Do OSes not have intermittent bugs resulting from race conditions?

Those of us who worked the computer help desk always got a chuckle out of folks that came in saying that they had found a bug in the FORTRAN compiler. That changed when I started developing embedded software. The tools there were (are?) miserable. What is worse is that the processors themselves were buggy. I remember tracking a task switching bug down to the read-interrupt-status instruction which would give the an unpredictable answer if an interrupt came in during the instruction. The vendor denied that this was an error and claimed that the proper way to read the interrupt status is to execute the instruction three times and average. I had similar problems with memory that would forget things. We bought memory cards from two different memory manufacturers. Neither could reliably refresh their own dynamic memory under high interrupt load. Tracking this stuff down requires very simple and reliable tools. Here is what I used ...

a source processor that could insert trap instructions before every program statement.
a trap handler that could trace, dump and disassemble.
a bus monitor that could detect trace output to selectable ports
an oscilloscope triggered by the bus monitor
a missing event detector (to hunt DRAM refresh bugs)

The first two of these are programs that I wrote myself. The rest is hardware that is easy to build out of a handful of parts, though I didn't do the building. I've often wondered how people find these sorts of bugs without this kind of equipment. I guess they just don't. -- WardCunningham

Inspiration:

When we realized that the "garbage" bytes we kept getting from RAM were exactly the same as the ROM bytes in the other bank of memory... Yes, we had a design problem in the memory bank switching hardware.
Unreliable machine that randomly rebooted: One *BANG* on the desk it sat on, which caused the reboot, and "aha! we have a lose connection." (Didn't take long to find a bad solder joint in the power supply.)

-- JeffGrigg

I once spent a week trying to determine why we couldn't get a video card to initialize properly. This was an old video card, with an unsupported beta OS/2 driver, so we expected a few problems. The manufacturer no longer supported the hardware nor the software, so we were on our own. We got the screen background to turn blue once in a while, but never got any graphics drawn. We tried every driver option, tried various combinations of initialization parameters, traced through some of the disassembled driver code, ...

Finally, on Friday, someone took the card out of the machine, blew the dust off, and put it back in. Everything worked fine after that.

I had a similar experience with an embedded traffic signal controller I was debugging. It wasn't behaving the way it was supposed to, and everyone in the company was stumped. This time I only wasted a day rather than a week--replacing the serial cable between my desktop machine and the controller made everything work.

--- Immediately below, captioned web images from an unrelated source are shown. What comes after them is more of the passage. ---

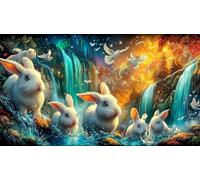 L'illusion du lac et de la Montagne Puzzle 1000 pièces Educa Jeu D'Intelligence Décoration Intérieure Jeu éduchatif Challenge Toy pour Adultes et Enfants à partir de 14 Ans 38x52cm/1000pcs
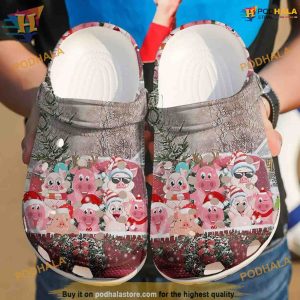 Pigs Christmas Crocband Crocs, Funny Christmas Crocs for Men and Women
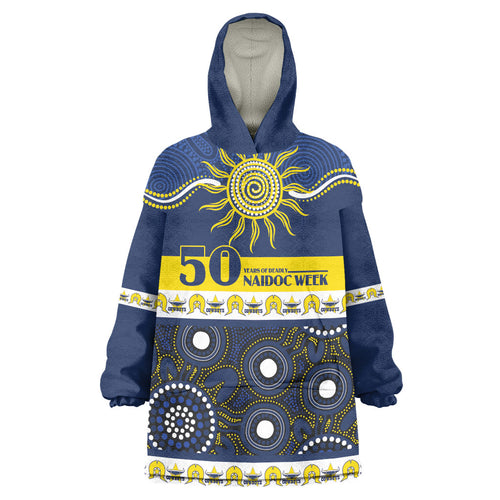 Cowboys NAIDOC Week Personalised Wearable Blanket Hoodie Aboriginal Torres Strait Islanders Vibe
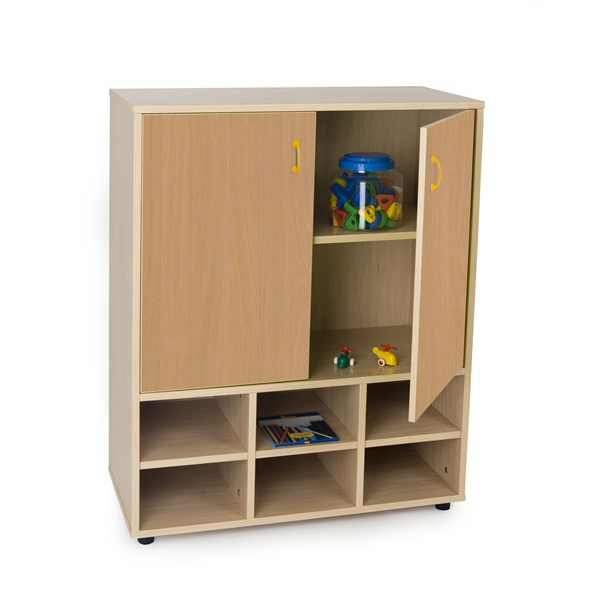 Mueble intermedio casillero y armario Haya ptas. Haya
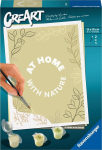 Maalimine numbrite j&auml;rgi Ravensburger CreArt Home With Nature, pruun v./valge v., 13 x 18 cm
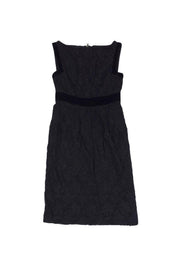 Current Boutique-Diane von Furstenberg - Black Floral Mesh Dress Sz 4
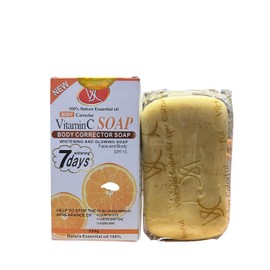 Soft 7 VITAMIN C Soap, 7 Days Body Repair, Natural Dark Spot Treatment Big bar 8.7oz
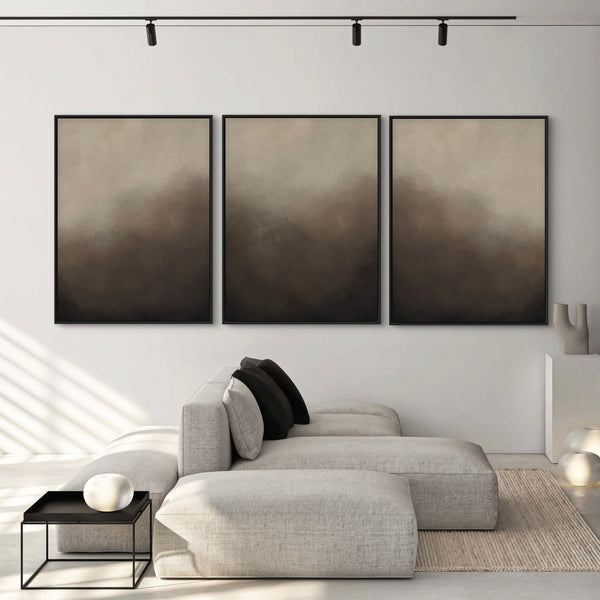 Set of 3 Framed Canvas - Mocha Mirage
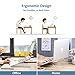 Laptop Stand, iVoler Adjustable Aluminum Laptop Computer Stand Tablet Stand,Ergonomic Foldable Portable Desktop Holder Compatible with MacBook Air Pro, Dell XPS, HP, Lenovo More 10-17″ Laptopsthumb 1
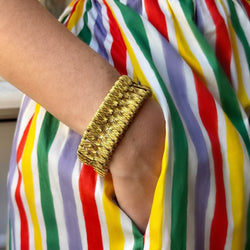 Bracelet manchettes libellule en or jaune - Castafiore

This is the stuff they never cover in ComputerScience classes...

-- KrisJohnson

Step one: reseat the boards. Step two: reseat the boards. Step three: reseat the boards....

It works on my machine. There must be something wrong with yours.

Step one: Recompile (preferably from scratch). Test on your machine. Step two: Give newly built version to user. Test on their machine. Step three: Isolate the differences between your machine and their machine. In Java, for example, be particularly alert for things like system classpath settings, or libraries placed in the ext directory. Step four: Having identified the differences, go back and fix your program so that the differences don't cause a problem.

A high percentage (arbitarily set at 90%) of problems in this category will be "solved" by either step one or step two ("solved" meaning either you can reproduce the problem on your box, or the problem no longer reproduces on theirs).

Step Zero: Reboot both your machine and their machines and try again before proceeding. Especially on Windows.